The three sets of nodes fit together like this. Each node is connected by a weighted line. These edge weights will start with arbitrary numbers to begin with. Over time they will be adjusted by algorithm which is what will make the network more and more predictively accurate.
But How do you actually get outputs?
This can get glossed over. The neural network is a representation of some under-the-hood math functions. For a little more detail on how this works, check out this easy to follow video.
Decision making
On turn one, the AI player reviews what possible actions it could take. It builds a tree of possibilities based on its understanding of the game rules. This building of a tree is called its simulation. Say they have two Coppers and a Silver in their hand. They could play a Silver, a Copper, or Skip. Either of these three options will lead to a new future game state.
If the player skips, they may reach the end of their turn. State 1C is terminal. But if they chose to play a Copper, they have another choice. They might choose to play a second copper. And so on. This following tree shows all possible states they could wind up in, based on their decisions with just these three cards.
This is the search tree for just three cards in hand in just one phase of a turn. In any given turn, there may be many more possible decisions. You can imagine a tree of all possible decisions they could make until the end of their turn would be pretty big!
The terminal nodes on the tree are the game states the neural network processes as its input. The node comprises the entire game state. Each terminal node is run through the network, and the one that yields the highest score for the AI player determines the decision the AI makes.
Learning
You see how the AI makes a good move based on the neural network, but that assumes the network is giving accurate predictions of what will be the end result. How do you get a network to give accurate results?
Accurate results come from having the right weights. We can get the right weights by training the neural network. The unique thing about our neural network is “knowledge free” meaning it starts our very dumb, and learns over time simply by playing and finding out what worked. The neural network knows what worked by getting a feedback signal. This comes at the end of the game, did it win or not? But there is also a clever trick called temporal difference learning, where the AI doesn’t only wait until the end of the game to get this feedback signal. It can also, on a turn, use the neural network to see if its action is predicted to result in a win, and use that prediction as a feedback signal. It’s not quite as accurate, but it gets better with every crank of the knob. To adjust the edge weights from turn to turn, we plug the outputs of our prediction into a formula like this:
You can read more on the nitty gritty math of what this formula does here. What’s important is the formula gives us how much to adjust the edge weights of the neural network based on the outputs received.

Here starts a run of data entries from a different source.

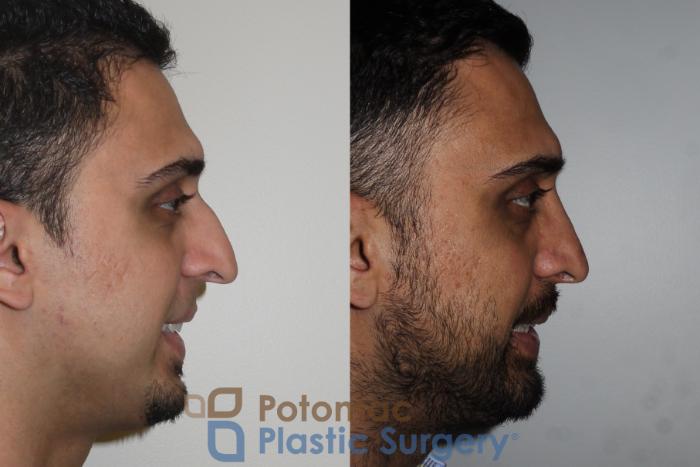 Before & After Rhinoplasty - Medical Case 168 Right Side View #2 View in Washington DC & Arlington , DC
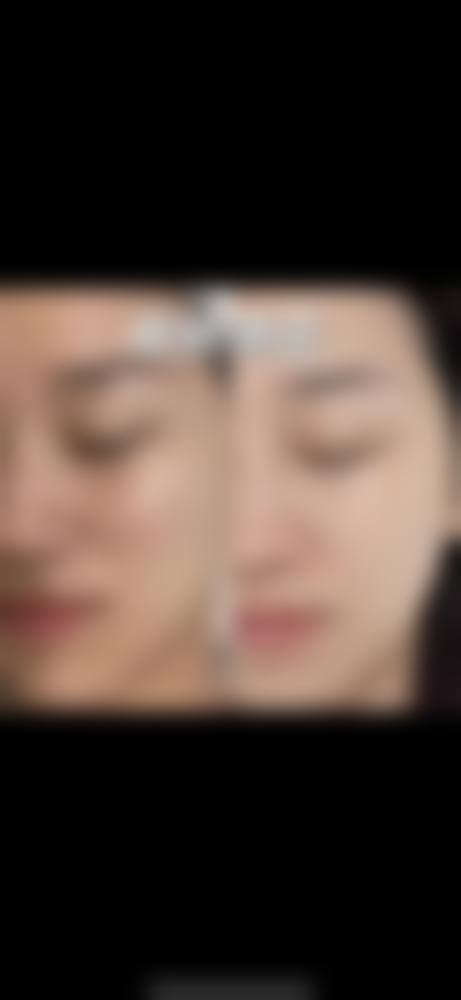 七、莲姿娜半恒久纹眉皮肤管理(福州店)常见问题解答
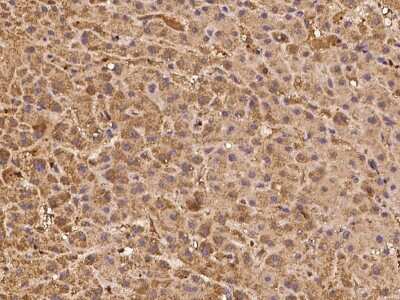 Immunohistochemistry-Paraffin: Ovastacin Antibody [NBP2-98076]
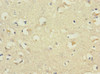 Immunohistochemistry of paraffin-embedded human brain tissue using CSB-PA897318ESR1HU at dilution of 1:100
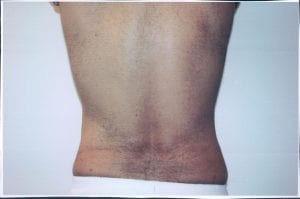 Liposuction Patient 11 - After - 2 Thumbnail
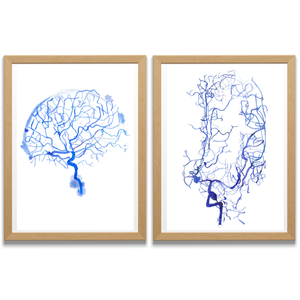 cerebral angiogram brain aneurysm art print
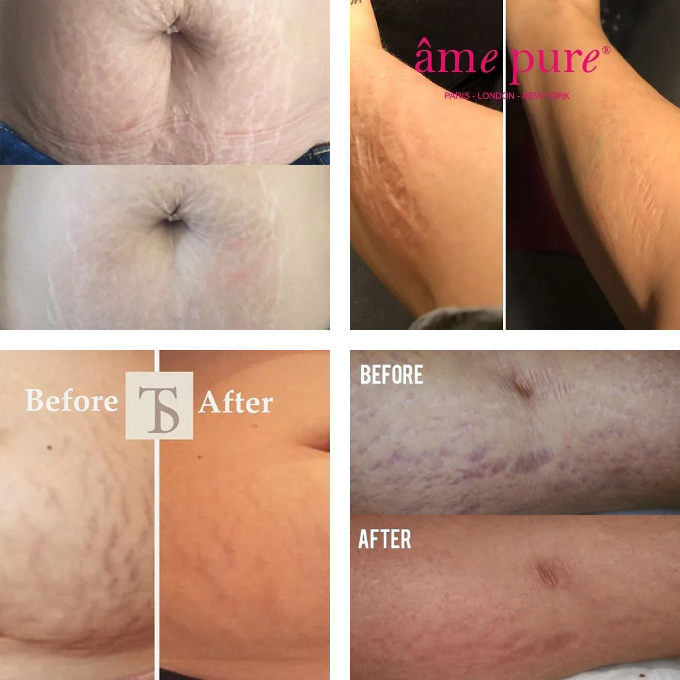 microneedling stretch mark before and after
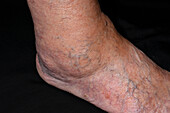 Erosive arthritis on a woman's ankle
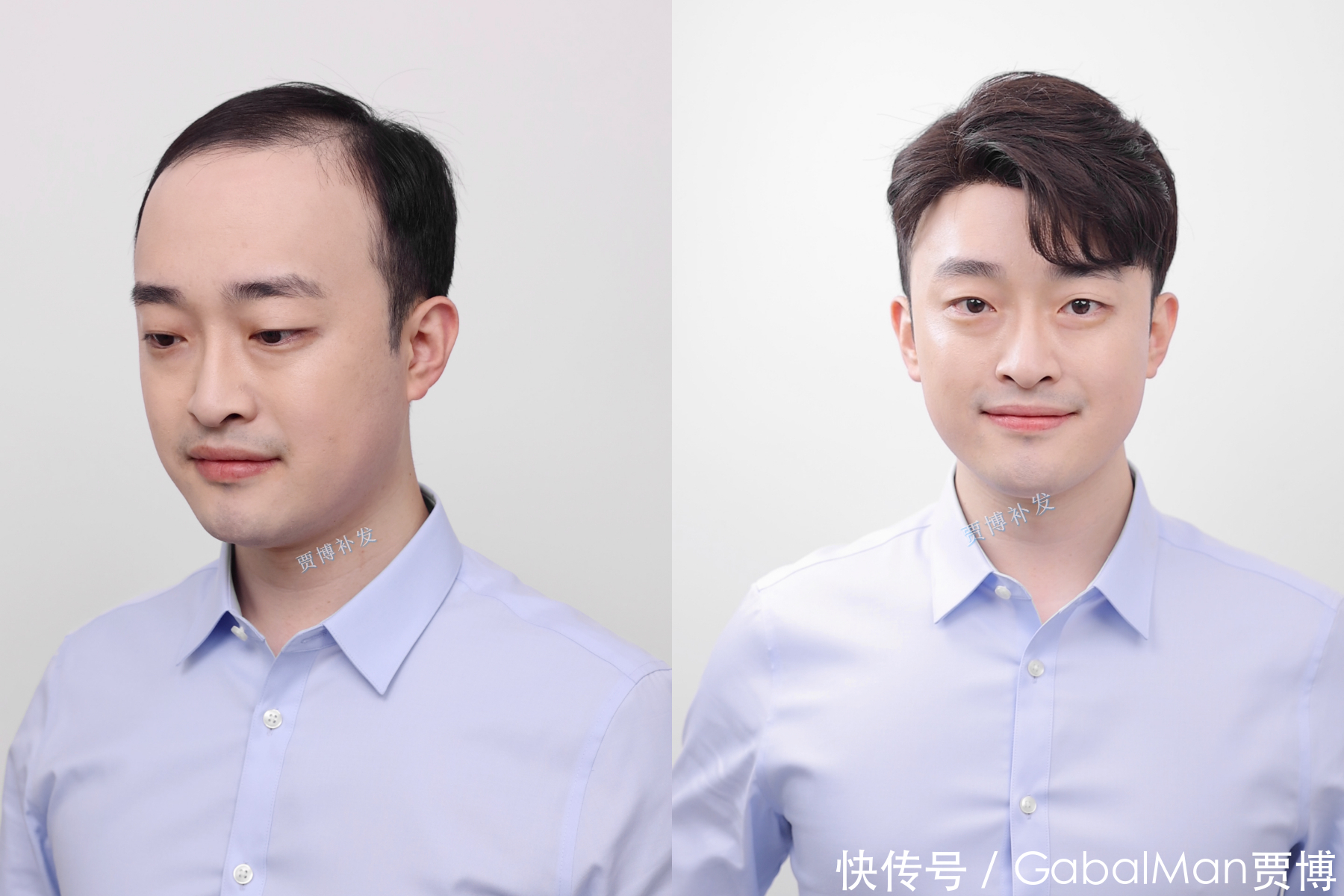 发际线脱发|60分钟拯救你的发际线!告别高额头,让你更显年轻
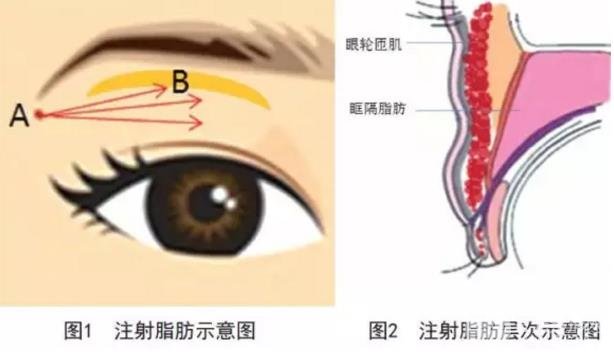 眼窝凹陷出现的原因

That means that every turn the AI takes in the game it will adjust the neural network as it goes. The network is being changed AS it’s being used. Without the temporal difference technique, it wouldn’t be feasible to train a network like this in a reasonable development timeframe. Once the edge weights have been honed through training, a static version of the network is included in the shipping product, and the AI continues to call the network to determine its best move.
This technique proved extremely effective for Race for the Galaxy. With this method, Race for the Galaxy’s AI was trained over thirty thousand games, with weight adjustments at each time-step, and has achieved a ninety seven percent win rate. Having a high win rate is critical to delivering a challenging AI. It offers replayability value even for advanced players, and can easily be nerfed to softly challenge newer players.
Given the success of this research-project-turned-shipping-feature, we wanted to see if we could apply it for our next project: Dominion.
Roadblocks
Something that’s been glossed over a bit is that in Race for the Galaxy we created two neural networks. The ‘Win Probability Network’ is described above. The ‘Opponent Action Prediction’ network is a similar network that guesses what opponents will do using outputs to predict their moves. This guess is helpful in more accurately simulating the game state. Further, rather than shipping two networks, a new flavor of each of these networks is specialized for different game configurations. Is it a two player game? Are all expansions included? Each of these answers leads to a different set of networks, each taking up a chunk of our download budget. Using a specialized network results in better results, but at a cost. Because Race for the Galaxy ships on phones which have limited download capacity, we wouldn’t want to add too many more of these.
A Bigger Scope
While Race for the Galaxy has five expansions, our next game, Dominion, has a daunting thirteen. The larger scope means our Race AI solution wouldn’t scale for Dominion in four devastating ways.
One, creating additional specialized networks to accommodate all of the different permutations of card sets across thirteen expansions would exceed the network size budget in our downloadable.
Two, Dominion with its expansions has over five hundred cards, which is hundreds more than Race. These would require thousands more input nodes, exploding the size of individual networks because for each card in the game, there is an input for each possible place it could be. For example, is card X in the discard pile? True. That’s an input. Is card X in the player’s hand? False. and so on. Because of this, each card adds ten to twenty new nodes.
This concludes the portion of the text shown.